Je voulais vite partir sachant que ce n’était tout de même pas l’endroit le plus génial de la ville. La vieille ville vivait plus tout de même que maintenant, il y avait encore beaucoup de commerces de bouche, de commerces de première nécessité, il y avait encore une vie de quartier. On était vraiment à cheval entre la mixité sociale avec des générations d’immigrés espagnols ou portugais et le côté bobo et totalement transformé qui était en train de se faire ; il y avait vraiment une vie de quartier qui était peut-être encore plus forte que maintenant. Ceci a fait que je me suis dit que finalement c’était tout de même un super quartier avec une super ambiance et j’y suis resté.
Tu as évoqué le festival du livre du Mans, « la 25 eme heure », est-ce que tu as été tout de suite partenaire avec les organisateurs (la 42 eme édition aura lieu en octobre prochain NDLR)
Oui tout de suite, dès la première année. On est arrivés en octobre 1983 et on a mis déjà, à mon petit niveau, un petit coup de pied dans la fourmilière parce qu’il n’y avait pas forcément beaucoup d’auteurs de bande dessinée invités à l’époque et dès cette première année on a joué un peu les trublions et on a fait monter d’année en année l’exigence, le nombre d’auteurs, la « qualité » d’auteurs enfin quand je dis « qualité » d’auteurs je veux dire qu’on a fait venir des auteurs plus connus et ça a été tout de suite quelque chose d’important dans la vie de la librairie.

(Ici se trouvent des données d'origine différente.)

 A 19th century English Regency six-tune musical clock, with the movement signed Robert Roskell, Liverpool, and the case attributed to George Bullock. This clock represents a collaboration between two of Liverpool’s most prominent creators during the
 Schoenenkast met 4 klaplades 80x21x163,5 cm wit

Tu me parlais tout à l’heure de la « stratégie » c’est à dire de de la nécessité pour une librairie spécialisée en bande dessinée de se démarquer. Il y a donc eu les dédicaces, le partenariat avec « la 25eme heure » mais aussi les expositions à l’abbaye de l’Epau.
Oui alors ça c’était déjà un peu plus tard, nous étions déjà un peu plus installés, beaucoup d’auteurs se succédaient. Les éditeurs commençaient à me connaître et surtout quand ils débarquaient dans le vieux Mans ils étaient assez surpris du chiffre d’affaire qu’on arrivait à faire dans une surface aussi petite et retirée du centre-ville !

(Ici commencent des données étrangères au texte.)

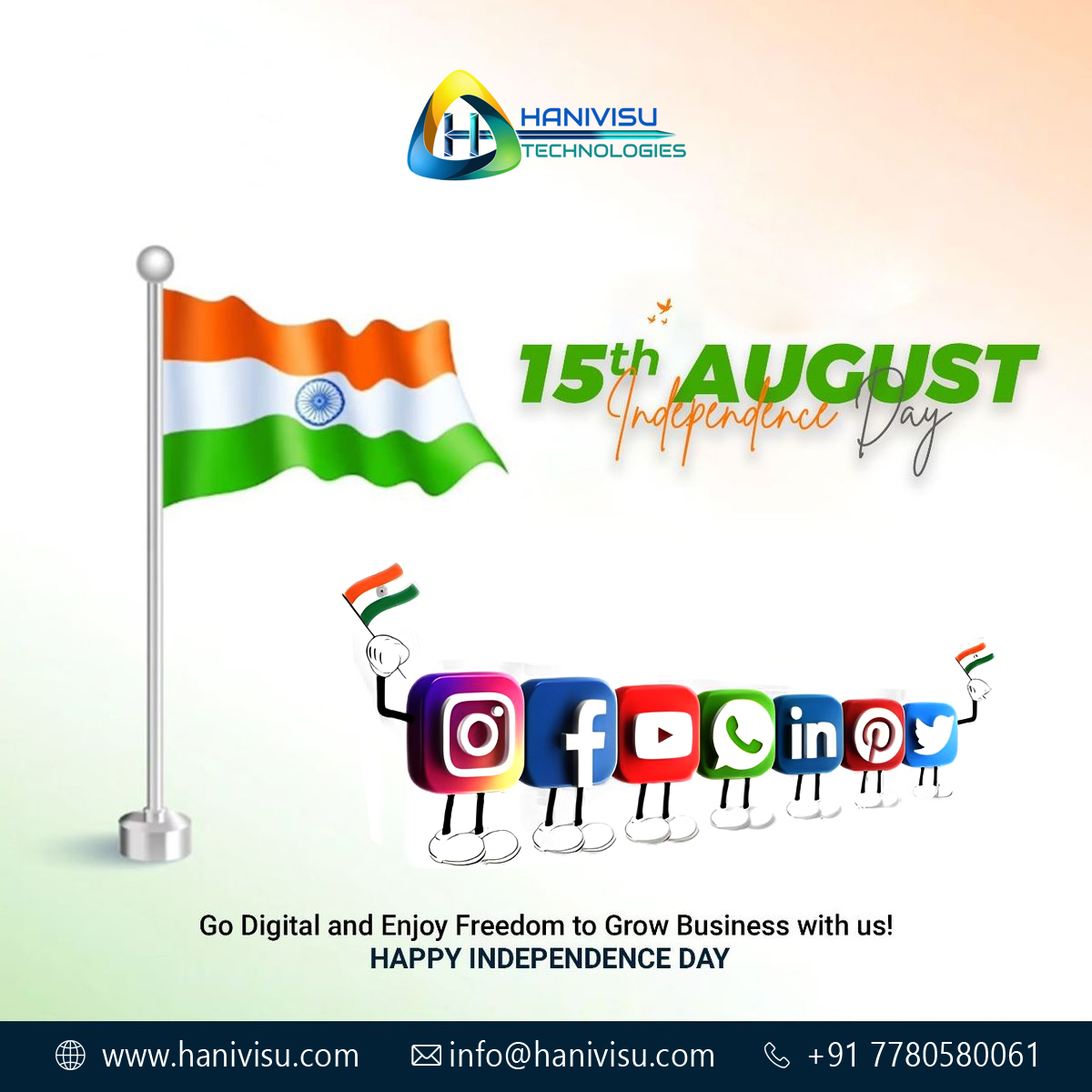 HanivisuTech's tweet photo. ✨Wishing you a Happy Independence Day!✨
Let’s honor our nation’s journey of freedom, unity, and pride💚🤍🧡

#HappyIndependenceDay #IndependenceDay2025 #IndiaAt79 #ProudToBeIndian #Freedom #HanivisuTechnologies #Hanivisu #Business #advertising #digitalmarketing https://t.co/Z1e0sxHvCX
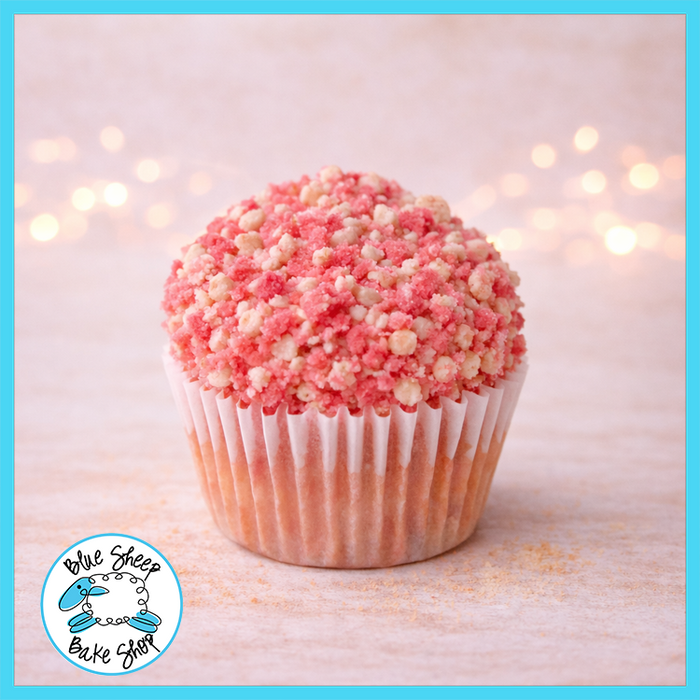 Strawberry crumble cupcake with strawberry buttercream from Blue Sheep Bake Shop in Somerville NJ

Ça se passait bien avec pratiquement tous les éditeurs et un jour on me dit, pour me récompenser, « écoute Bilal va venir chez toi ! » Et moi que pouvais-je faire de Bilal dans le vieux Mans dans 75 m2 ? C’était plutôt paniquant ! Mais comme je travaillais déjà avec le conseil départemental (qu’on appelait alors le conseil général) et la bibliothèque départementale, j’ai été leur proposer une sorte de partenariat en leur disant « je vais avoir Bilal, que pourrions-nous faire ensemble pour le recevoir dans des conditions quand même favorables ? » Et comme l’abbaye de l’Epau appartenait au conseil départemental, on a décidé d’y faire une soirée pour la venue de Bilal. Elle s’est préparée longtemps en amont, ça a été un peu de stress car c’était un auteur qui était au sommet dans le domaine de la bande dessinée. D’un point de vue artistique il n’avait pas encore pourtant commencé ses ventes d’originaux à des prix invraisemblables, mais les sorties de ses albums étaient très attendues cependant. On a donc monté cet événement et un vendredi soir, sans trop de publicité, le dortoir aux moines était plein, 500 personnes ! Et ça a été le début de la magie de l’abbaye de l’Epau !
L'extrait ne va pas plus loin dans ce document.